> _YOUR ASSIGNMENT_:
All the lines below should be set down exactly, with no picture carried into the copy.

> _RECORDS SUPPLIED_:
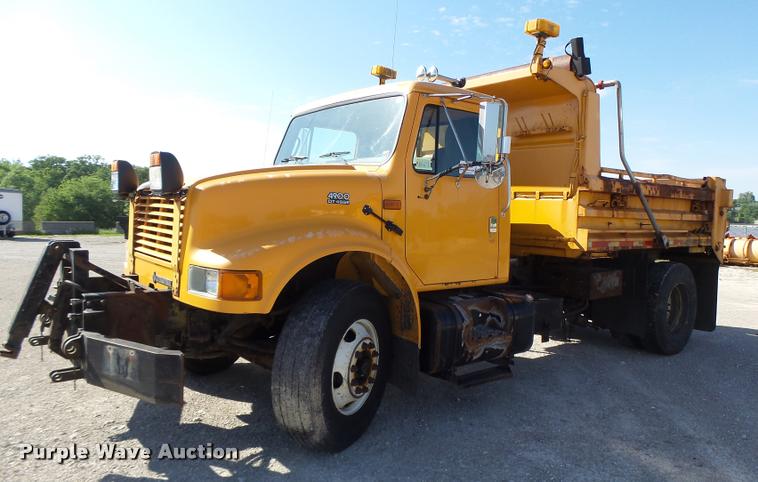 image for item DB1328 2002 International 4900 dump truck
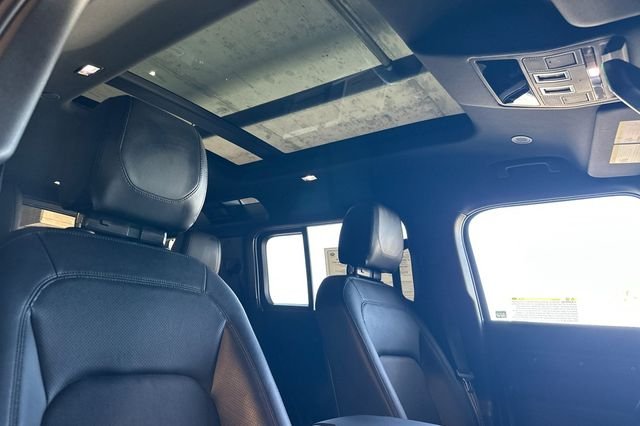 Used 2024 Gray Land Rover S image 15
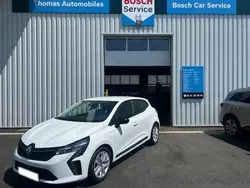 Blanc Utilisé 2024 Renault Clio V Evolution Berline | 15 995 € (Prix juste)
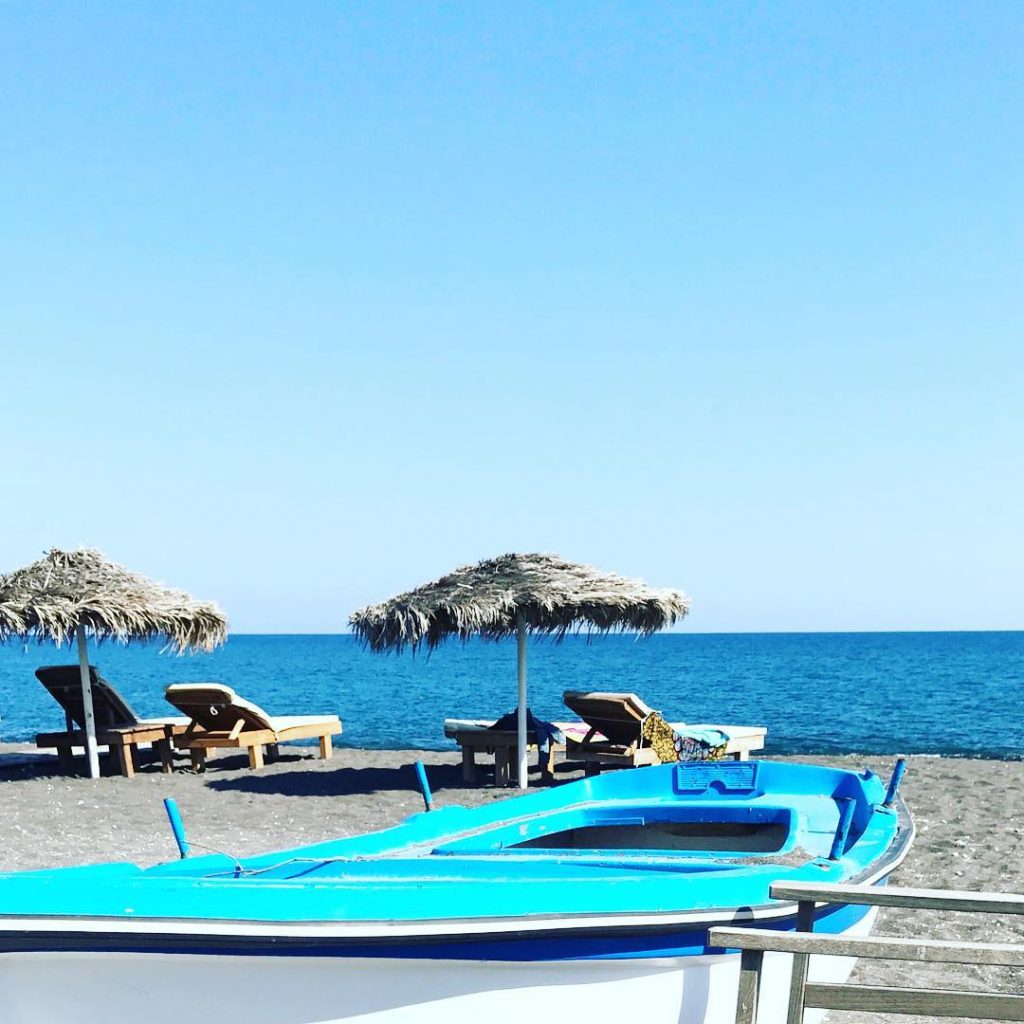 I miss these two colours. The blue and the white. Bring me back here&hellip;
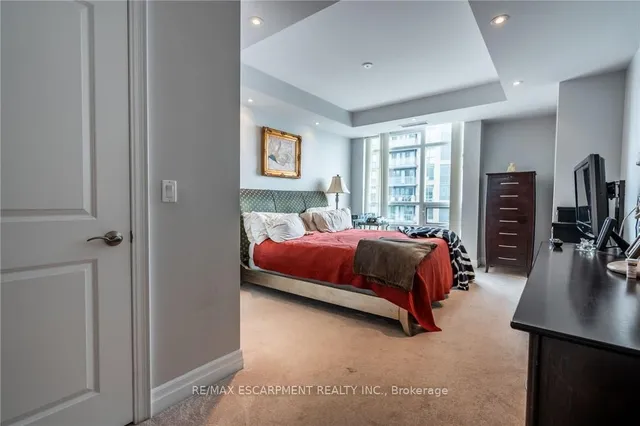 Additional image 19 of 360 Pearl St Unit 1303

> _OUTPUT_:
 image for item DB1328 2002 International 4900 dump truck
 Used 2024 Gray Land Rover S image 15
 Blanc Utilisé 2024 Renault Clio V Evolution Berline | 15 995 € (Prix juste)
 I miss these two colours. The blue and the white. Bring me back here&hellip;
 Additional image 19 of 360 Pearl St Unit 1303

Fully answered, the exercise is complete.